L’ultimo metrò (Le dernier métro), 1980

1942: in una Parigi occupata, Catherine Deneuve è la primattrice del Teatro Montmartre, nonché temporanea direttrice della compagnia, visto che il marito è ebreo e deve nascondersi da occhi indiscreti.

Insieme al cast e alla piccola troupe cercherà di portare in scena uno spettacolo del marito tentando allo stesso tempo di non cedere alle lusinghe di Gérard Depardieu, suo amante sul palco e potenzialmente anche nella realtà.

Tra critici teatrali collaborazionisti, vita dietro le quinte e piccole strategie di sopravvivenza in tempo di guerra, il risultato è un film molto classico e quasi hollywoodiano, che sembra trasporre il clima cameratesco di Effetto notte nell’ambito teatrale aggiungendoci l’ambientazione della Seconda guerra mondiale. Deneuve e Depardieu più trattenuti che in altri casi, ma comunque iconici insieme come simboli del cinema francese.


Gli anni in tasca (L’argent de poche), 1976

L’argent de poche è letteralmente la “paghetta”, e con questo termine Truffaut sembra rievocare per intero la magia di un mondo infantile che, come la parola stessa, sembriamo dimenticare una volta superata una certa età.

Il film è tanto originale nella costruzione della trama quanto modesto nelle immagini, quasi si trattasse di un documentario senza particolari ambizioni di stile. Non c’è un protagonista, ma a susseguirsi sullo schermo sono i bambini di un’intera scuola di provincia, che in un gioco di incastri diventano personaggi principali per poi tornare sullo sfondo.

E’ come se Truffaut avesse spezzettato i vari aspetti della personalità di Antoine Doinel in vari personaggi, dal bambino discolo e maltrattato al sognatore goffo con le ragazzine (che, va detto, qui vengono tralasciate quasi del tutto). Da non dimenticare poi il ruolo degli insegnanti, il cui mestiere necessario e a volte ingrato viene per una volta mostrato nei suoi lati migliori.

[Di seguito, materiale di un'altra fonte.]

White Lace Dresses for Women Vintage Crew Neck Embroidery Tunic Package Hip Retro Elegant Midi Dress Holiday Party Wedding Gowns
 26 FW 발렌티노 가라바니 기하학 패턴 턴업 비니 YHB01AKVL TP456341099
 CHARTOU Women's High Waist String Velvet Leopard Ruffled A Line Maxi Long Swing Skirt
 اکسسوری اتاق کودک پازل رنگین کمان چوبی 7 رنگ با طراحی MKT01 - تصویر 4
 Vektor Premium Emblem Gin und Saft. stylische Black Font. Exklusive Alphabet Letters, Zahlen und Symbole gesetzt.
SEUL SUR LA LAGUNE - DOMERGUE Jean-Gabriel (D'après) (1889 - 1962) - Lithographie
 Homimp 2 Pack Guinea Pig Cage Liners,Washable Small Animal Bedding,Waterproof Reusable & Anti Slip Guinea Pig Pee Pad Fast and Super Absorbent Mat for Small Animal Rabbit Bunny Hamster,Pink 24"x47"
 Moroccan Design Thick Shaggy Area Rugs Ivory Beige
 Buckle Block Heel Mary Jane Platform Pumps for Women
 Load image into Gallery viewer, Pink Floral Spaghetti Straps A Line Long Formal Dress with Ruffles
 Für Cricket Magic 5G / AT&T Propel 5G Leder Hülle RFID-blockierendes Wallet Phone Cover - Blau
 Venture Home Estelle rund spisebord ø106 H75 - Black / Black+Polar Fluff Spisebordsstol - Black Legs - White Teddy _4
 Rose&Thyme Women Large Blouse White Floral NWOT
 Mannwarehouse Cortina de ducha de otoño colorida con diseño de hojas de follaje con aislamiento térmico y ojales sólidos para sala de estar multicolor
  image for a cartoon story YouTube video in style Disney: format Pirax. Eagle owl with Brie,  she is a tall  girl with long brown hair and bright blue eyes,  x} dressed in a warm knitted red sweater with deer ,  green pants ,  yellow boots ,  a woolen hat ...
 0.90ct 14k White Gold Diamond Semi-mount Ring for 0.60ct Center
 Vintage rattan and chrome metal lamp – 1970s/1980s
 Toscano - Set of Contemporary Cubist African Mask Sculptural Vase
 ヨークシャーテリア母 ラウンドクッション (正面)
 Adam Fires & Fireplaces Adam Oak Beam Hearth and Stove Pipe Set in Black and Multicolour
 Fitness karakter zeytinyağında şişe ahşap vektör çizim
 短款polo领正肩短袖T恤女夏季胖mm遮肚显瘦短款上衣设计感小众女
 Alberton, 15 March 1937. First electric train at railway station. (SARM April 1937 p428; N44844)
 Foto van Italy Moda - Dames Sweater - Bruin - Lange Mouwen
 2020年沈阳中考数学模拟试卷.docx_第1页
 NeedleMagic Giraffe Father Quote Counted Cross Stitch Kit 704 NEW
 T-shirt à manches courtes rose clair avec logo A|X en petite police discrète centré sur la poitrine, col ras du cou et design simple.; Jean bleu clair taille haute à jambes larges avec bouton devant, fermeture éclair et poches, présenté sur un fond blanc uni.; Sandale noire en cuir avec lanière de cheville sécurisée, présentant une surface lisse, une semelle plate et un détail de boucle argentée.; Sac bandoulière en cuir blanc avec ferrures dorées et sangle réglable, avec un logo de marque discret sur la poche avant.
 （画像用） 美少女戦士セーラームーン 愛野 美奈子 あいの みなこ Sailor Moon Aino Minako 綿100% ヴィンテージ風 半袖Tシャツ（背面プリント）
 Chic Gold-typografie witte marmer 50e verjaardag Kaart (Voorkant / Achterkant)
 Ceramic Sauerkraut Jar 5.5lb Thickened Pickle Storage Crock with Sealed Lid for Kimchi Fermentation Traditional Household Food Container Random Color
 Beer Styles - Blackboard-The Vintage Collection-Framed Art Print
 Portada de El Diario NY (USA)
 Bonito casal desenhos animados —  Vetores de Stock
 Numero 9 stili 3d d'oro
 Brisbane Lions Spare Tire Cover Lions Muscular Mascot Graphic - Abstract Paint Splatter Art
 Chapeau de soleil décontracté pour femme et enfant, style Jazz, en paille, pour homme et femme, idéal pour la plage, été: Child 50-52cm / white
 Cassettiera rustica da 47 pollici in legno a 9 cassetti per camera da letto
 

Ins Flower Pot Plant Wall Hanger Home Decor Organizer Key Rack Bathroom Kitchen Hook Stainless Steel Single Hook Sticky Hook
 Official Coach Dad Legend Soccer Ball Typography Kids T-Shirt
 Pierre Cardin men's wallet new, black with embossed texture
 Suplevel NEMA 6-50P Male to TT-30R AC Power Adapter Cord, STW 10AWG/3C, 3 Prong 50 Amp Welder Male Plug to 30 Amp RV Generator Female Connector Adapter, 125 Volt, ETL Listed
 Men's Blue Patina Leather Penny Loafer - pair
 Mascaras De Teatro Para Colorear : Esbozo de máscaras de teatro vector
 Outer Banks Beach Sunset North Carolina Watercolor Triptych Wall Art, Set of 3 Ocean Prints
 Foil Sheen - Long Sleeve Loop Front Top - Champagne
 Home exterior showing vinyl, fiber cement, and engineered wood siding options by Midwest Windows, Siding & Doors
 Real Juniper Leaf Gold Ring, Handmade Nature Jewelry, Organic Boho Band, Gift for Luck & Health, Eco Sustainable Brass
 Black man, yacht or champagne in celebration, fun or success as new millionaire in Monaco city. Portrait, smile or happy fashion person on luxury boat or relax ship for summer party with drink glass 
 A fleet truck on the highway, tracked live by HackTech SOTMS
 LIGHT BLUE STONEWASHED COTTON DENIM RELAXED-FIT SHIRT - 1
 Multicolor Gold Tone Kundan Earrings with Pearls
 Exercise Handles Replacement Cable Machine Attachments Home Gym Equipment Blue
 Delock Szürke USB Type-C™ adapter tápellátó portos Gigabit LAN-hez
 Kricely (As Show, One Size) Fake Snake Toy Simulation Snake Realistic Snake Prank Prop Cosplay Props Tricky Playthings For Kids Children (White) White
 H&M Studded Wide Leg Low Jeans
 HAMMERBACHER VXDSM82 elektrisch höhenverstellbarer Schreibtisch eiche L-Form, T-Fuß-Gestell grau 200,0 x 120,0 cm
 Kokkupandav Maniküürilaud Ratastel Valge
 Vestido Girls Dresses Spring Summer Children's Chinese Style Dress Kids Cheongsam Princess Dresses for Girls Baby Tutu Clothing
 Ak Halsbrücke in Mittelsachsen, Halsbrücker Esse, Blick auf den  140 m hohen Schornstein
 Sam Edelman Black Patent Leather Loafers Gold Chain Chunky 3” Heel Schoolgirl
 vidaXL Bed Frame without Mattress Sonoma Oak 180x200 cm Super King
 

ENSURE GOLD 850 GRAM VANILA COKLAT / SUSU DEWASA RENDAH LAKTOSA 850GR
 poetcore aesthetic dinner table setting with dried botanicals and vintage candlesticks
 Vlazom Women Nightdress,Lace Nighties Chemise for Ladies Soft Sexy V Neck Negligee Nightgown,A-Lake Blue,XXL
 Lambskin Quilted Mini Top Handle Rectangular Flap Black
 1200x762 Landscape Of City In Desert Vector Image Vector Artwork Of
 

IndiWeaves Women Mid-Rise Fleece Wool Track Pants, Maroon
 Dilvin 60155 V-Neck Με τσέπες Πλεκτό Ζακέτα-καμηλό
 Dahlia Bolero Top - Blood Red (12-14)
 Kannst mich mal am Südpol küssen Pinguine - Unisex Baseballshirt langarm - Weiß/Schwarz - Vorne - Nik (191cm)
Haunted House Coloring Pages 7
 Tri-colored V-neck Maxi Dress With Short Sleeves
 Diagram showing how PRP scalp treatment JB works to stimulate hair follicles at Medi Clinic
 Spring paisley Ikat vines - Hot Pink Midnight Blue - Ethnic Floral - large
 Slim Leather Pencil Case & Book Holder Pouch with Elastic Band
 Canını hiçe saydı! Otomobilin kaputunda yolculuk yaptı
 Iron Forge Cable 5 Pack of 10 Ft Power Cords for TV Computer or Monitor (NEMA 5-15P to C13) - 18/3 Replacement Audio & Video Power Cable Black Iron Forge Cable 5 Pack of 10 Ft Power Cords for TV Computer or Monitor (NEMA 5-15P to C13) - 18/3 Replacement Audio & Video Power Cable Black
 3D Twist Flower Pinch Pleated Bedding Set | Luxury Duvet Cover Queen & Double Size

L’uomo che amava le donne (L’homme qui aimait les femmes), 1977

Bertrand Morane (Charles Denner) è un Casanova assolutamente anomalo: mai arrogante, mai volgare, mai inopportuno. Semplicemente, è incapace di non desiderare le donne, che ama tutte come un dono divino, e i suoi modi cortesi sono evidentemente ricambiati dal genere femminile, anche se dopo una notte il suo interesse di solito scema già.

La sua vita di uomo che “non vedrete mai in compagnia di uomini dopo le sei di sera” viene raccontata in una serie di episodi tra presente e passato, mostrandoci le sue avventure galanti e in fin dei conti la sua incapacità di trovare la felicità nella stabilità, bensì “nella quantità, nella moltitudine”.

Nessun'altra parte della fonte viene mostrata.